How do we understand the Post-Capitalist world that we have already crashed into through destruction? Capitalism has given us resource exhaustion, huge broken engineering projects, global warming, and diseases released from their former sequestration in non-human creatures. What will give us (to use the phrase of the Unilever executive Harish Manwani in his TEDtalk 1/13/14) the willingness to engage with “soap and soup,” not as purchases, not as shareholders, not even as objects, but as behaviors: hand-washing and household cooking? Both can save millions of lives by preventing infections and not just starvation but also defects of metabolism like diabetes. Mostly, it’s a matter of changing focus. Out of the lab, away from the experts. Individual actions that support global change. Universals shared by Manhattanites and rural Africans.

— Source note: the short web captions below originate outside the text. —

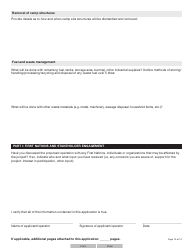 Form YG5069 Application for Class 3/4 Quartz Mining Land Use Approval - Yukon, Canada, Page 14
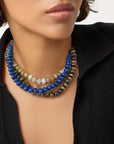 Refined Stone Bead Necklace
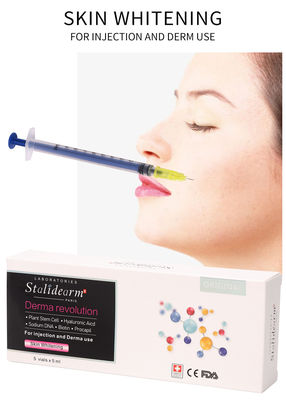 Blanqueamiento de la piel Exosome Skin Booster Serio inyectable Solución de mesoterapia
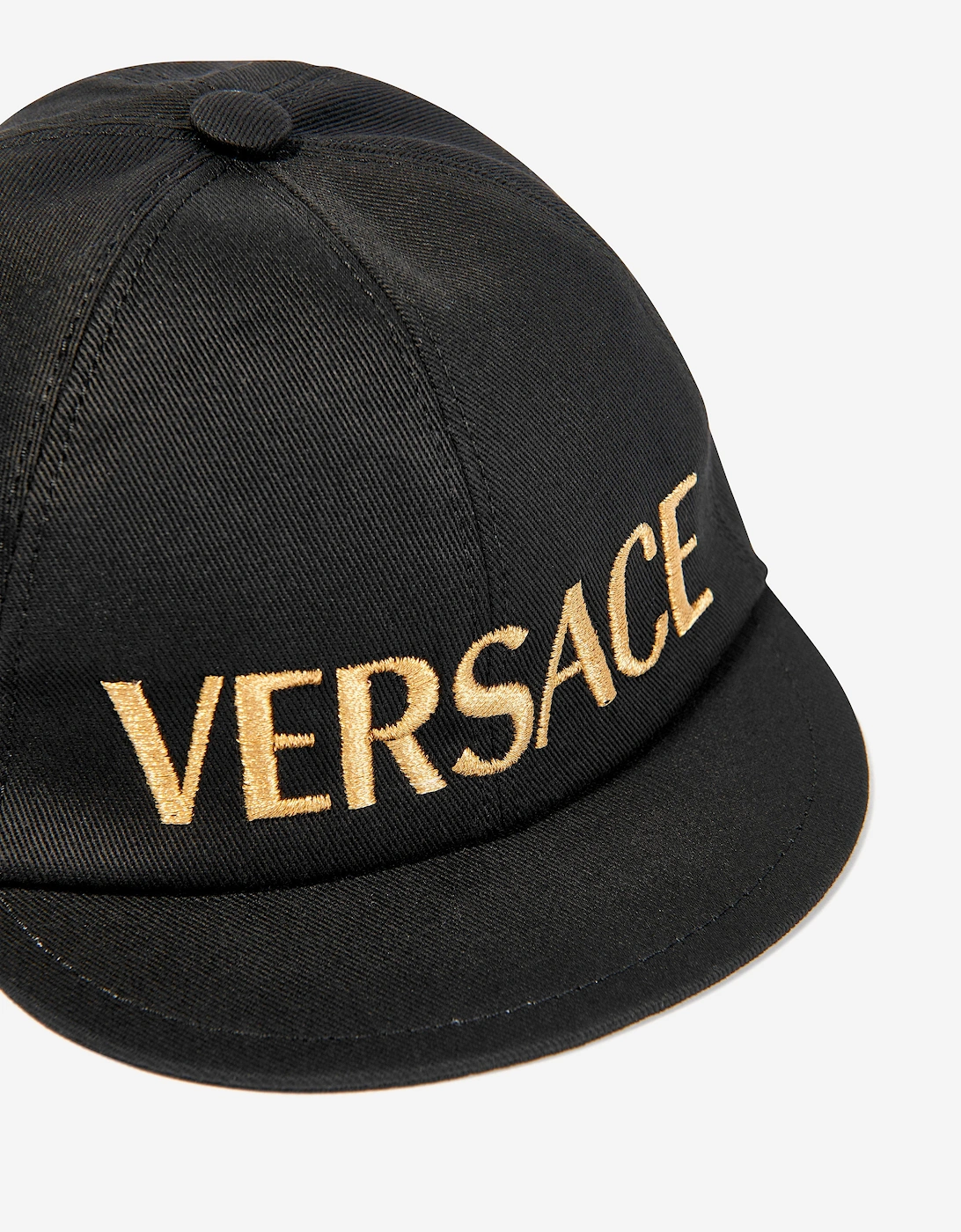 Kids Embroidered Logo Cap in Black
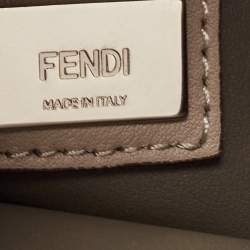 Fendi Dove-Grey Leather Petite 2Jours Tote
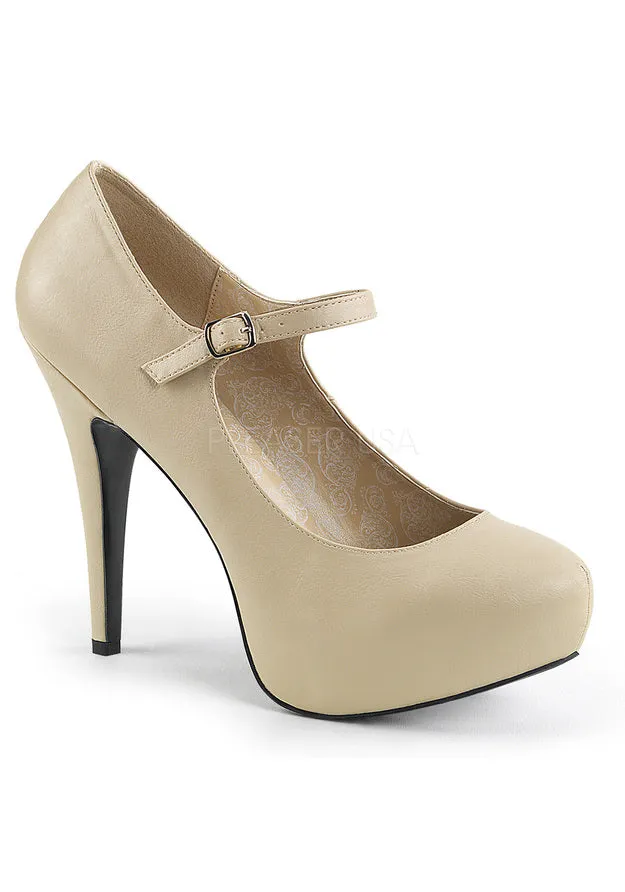 5 1/4" Heel, 1 1/4" PF Maryjane W/Concealed PT Pump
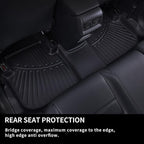 Floor Mats for Ford F-150 SuperCrew Cab 2010-2014, All-Weather Custom Fit - Image 5
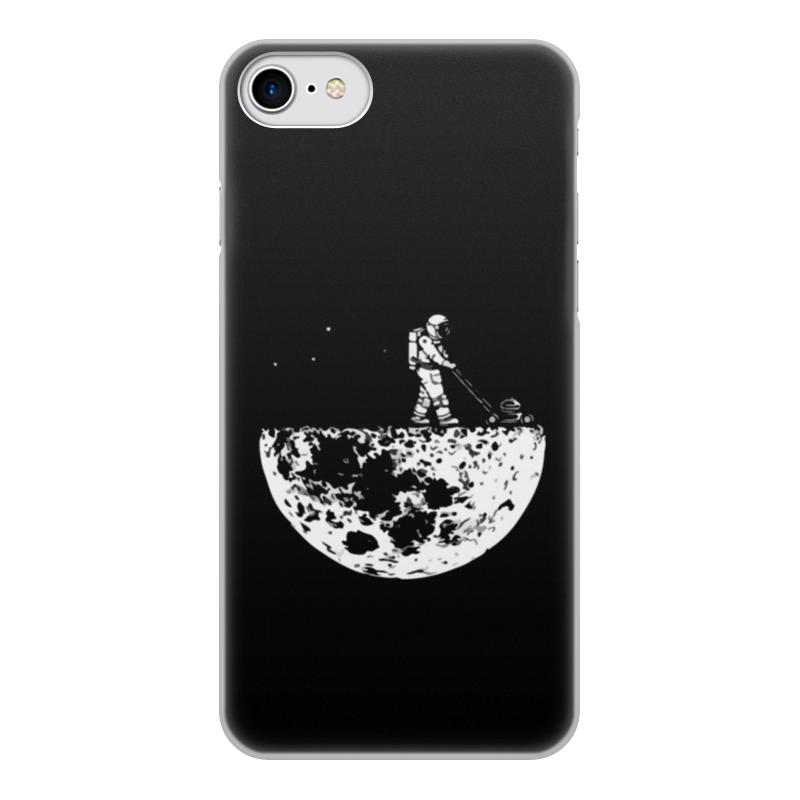 Printio Чехол для iPhone 8, объёмная печать Космонавт на луне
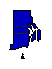 1986 Rhode Island County Map of General Election Results for Governor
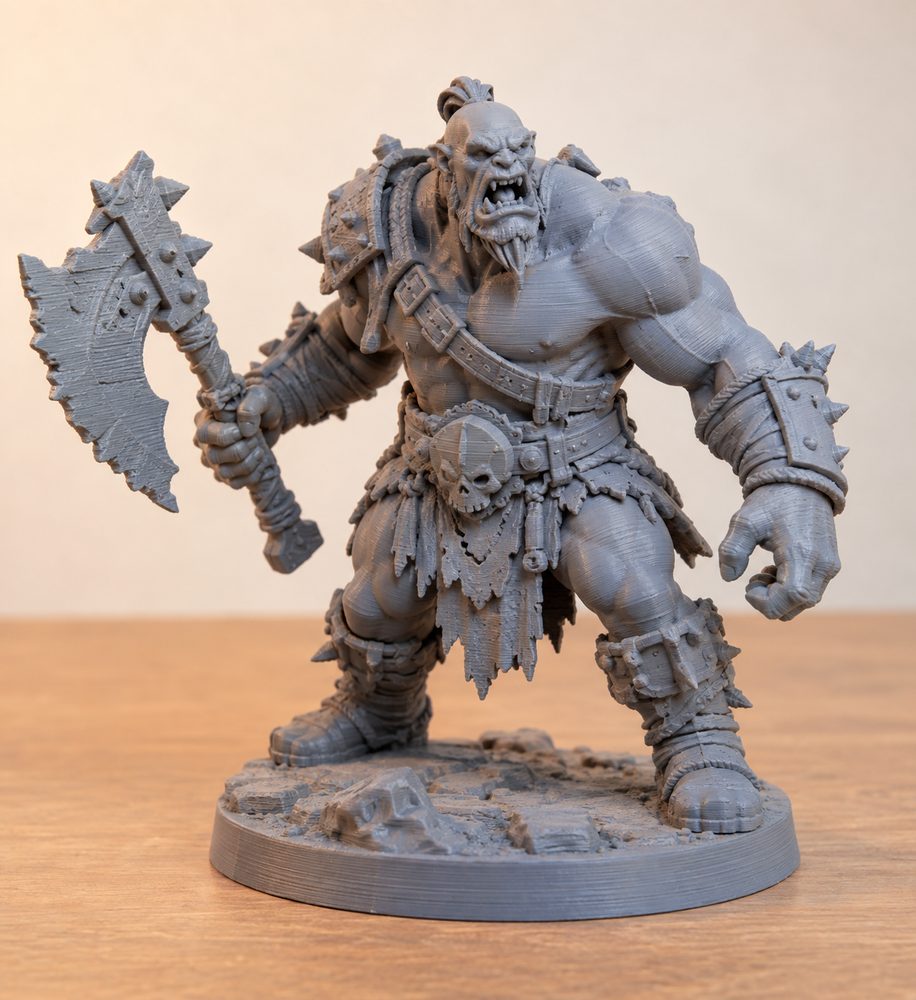 Ogre Lord Berserker Mm Presupported Inspirasi desain kreatif untuk pencetakan 3D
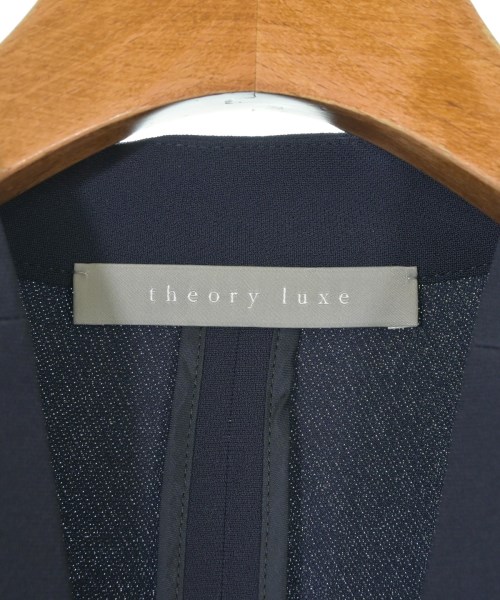 theory luxe（セオリーリュクス）ノーカラージャケット 紺 サイズ:38(M位) レディース/2200727952011
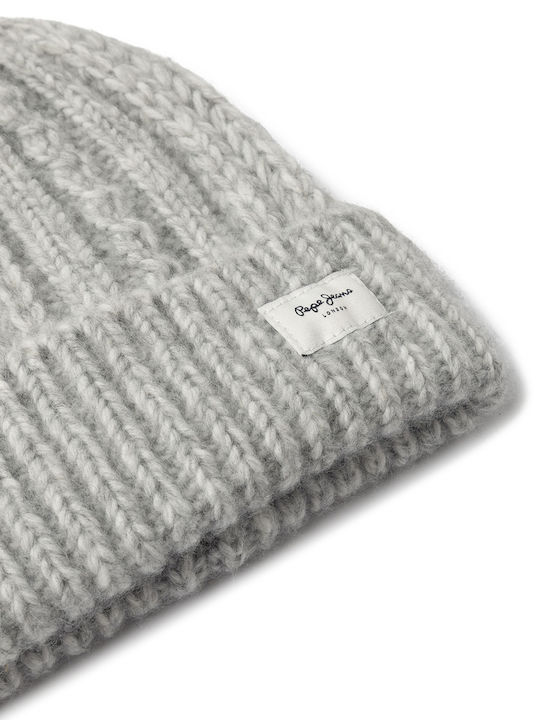 Kids Beanie Knitted Gray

While we quarrel over whether same sexes can marry, whether marriage can be multiple, the obligations of a biological progenitor, how much society should record and interfere in the intimate lives of people, how much clothing one should wear, our actions are escaping the categories. The Great Falls Tribune yesterday had an article about the rising rate of “co-habitation” -- unmarried people living together as sexual partners raising children. In practical terms marriage has become a moot point. We (including Ernest Hemingway -- remember “A Farewell to Arms”?) used to talk romantically about how marriage is only a piece of paper, irrelevant to the emotional merging of two people. Quite so.
But we’ve also tried to insist that co-habitation can be based on true love that is permanent, immutable, and -- though changing -- is never broken. Mark Miller’s murder mystery gives us a major clue right off: the good guy and his wife speak their marriage vows to each other every morning. The bad guy, a shallow hardened man, says his declaration of love only once. When his wife asks for reassurance, he tells her, “I’ll let you know if anything changes.” She is shut out. We know right there we want him to be the villain.
The balancing of independence with intimacy is always in an economic context and that can be a heart-breaker. As always, some people are staying together in face of abuse because they need the income while others are staying together though they may starve -- with their loving arms around each other and their children.